There is a big difference between perception and reality when it comes to crop subsidies around the world.

According to a study from the Cotton Economic Research Institute at Texas Tech University, all countries, both industrialized and developing, support their agriculture sectors with vastly divergent policy tools and combinations of tools.

But that’s not what the news media would have the world believe. According to the CERI report, the news media “have linked low farm incomes in the developing world to the subsidies and protection given by the United States and other industrialized countries.

“As a result, an impression has been created that agricultural subsidies and protection are confined to the United States and other developed/industrialized nations.”

One reason for this is that today’s news media is far too cozy with anti-agriculture organizations like Oxfam America and the Environmental Working Group. When has a member of EWG or Oxfam actually stepped on a farm to ask a farmer a few simple questions about his operation?

Apparently, not the writer of this excerpt from a 2008 Oxfam study. “Devised during the Great Depression, the farm bill was designed to assist American farmers when the market bottomed out. But these days, the farm bill’s commodity subsidies do little to help American farmers and rural communities.”

Funny, nowhere in this writer’s assessment could I find a substantiating statement from a Mid-South cotton producer saying something like, “Sure, I can produce cotton for 50 cents a pound with no subsidies and stay in business. Next question?”

There’s also no mention in the Oxfam study that U.S. agriculture and its related industries account for about 5 percent of the U.S. gross domestic product and about 12 percent of total U.S. employment.

Or that globally, the United States exports more wheat, corn, soybeans, sorghum, and cotton than any other nation. Or that U.S. agriculture is the only sector in the U.S. economy with a trade surplus.

We also don’t read much about other countries’ subsidies in national newspapers. For example, where is coverage of the National Cotton Council report that India, one of the largest critics of U.S. cotton subsidies, is buying cotton from its own producers at inflated prices and selling it to domestic textile mills at deflated prices? As a result of this subsidization, India’s cotton producers have ramped up acreage and have overtaken the United States as the world’s second largest producer of cotton. Gee, you’d think these guys were trying to run us out of business or something.

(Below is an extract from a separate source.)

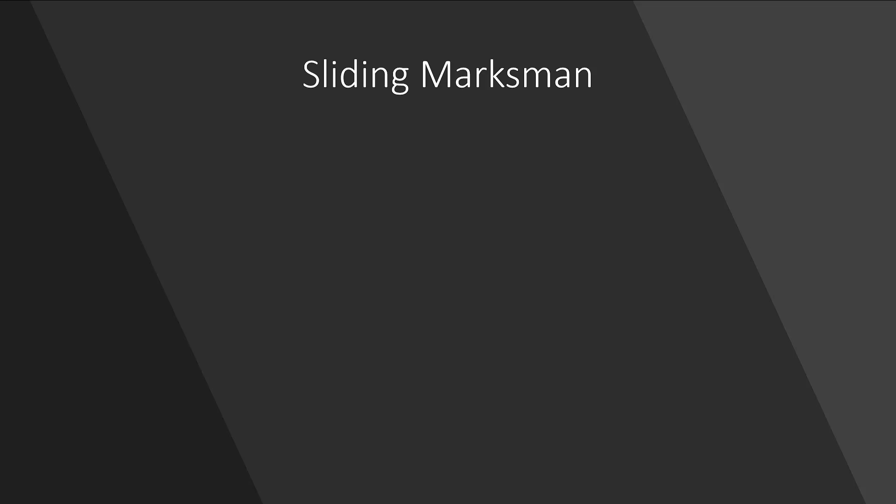Hi and welcome to the 100% Club. Today I'll be showing how to get Sliding Marksman on Dishonored 2.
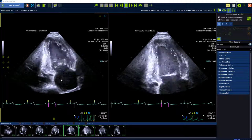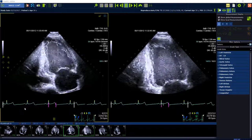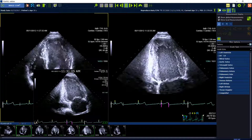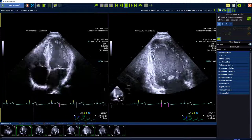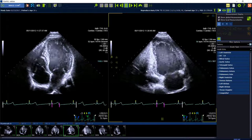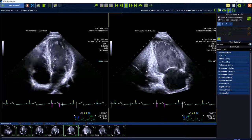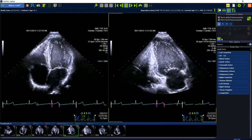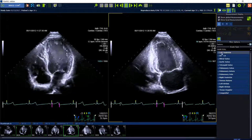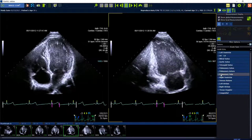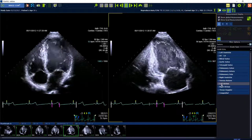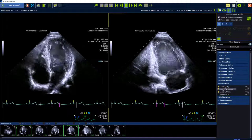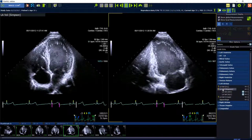To start the analysis, we drag and drop an apical four-chamber view and a two-chamber view in the workspace. Then select the measurement package, and here the left atrium, and under the left atrium we find left atrium volume Simpson analysis.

The Texas Tech study concluded that agriculture has a special status in both developed and developing countries with a wide variety of subsidy and protection instruments in place. While developed countries certainly subsidize and protect their agricultural sectors “developing countries are equally, if not more, prone to protect their agriculture sectors.”

The study found:

• Most countries use guaranteed minimum prices and import tariffs to protect domestic producers. The highest levels of producer support are in South Korea, followed by Japan and the EU. The highest levels of agricultural tariffs were found in Egypt, India and South Korea.

• Industrialized country governments are moving from price supports toward decoupled direct income payments. A decoupled payment of at least 65 percent of the 2000-02 historical payment for cotton began in 2006 in the European Union.

• Developing countries supplement their price support programs with input subsidies, which are excluded from calculations of the aggregate measure of support (AMS) by the World Trade Organization, but are nonetheless trade distorting. For example, $13 billion of the $15 billion that China spent on grain support programs in 2008 went toward subsidies for seed, machinery, fuel and fertilizer.

• Developing countries’ tariff protection is higher than that of industrialized countries.

• The use of sanitary and phytosanitary measures to restrict imports are more frequent among developing countries than in developed countries. For example, corn imports into China require a bio-safety certificate and quarantine permits.

I’d be very surprised if conclusions from this very thorough Texas Tech study found their way into Oxfam or EWG literature anytime soon.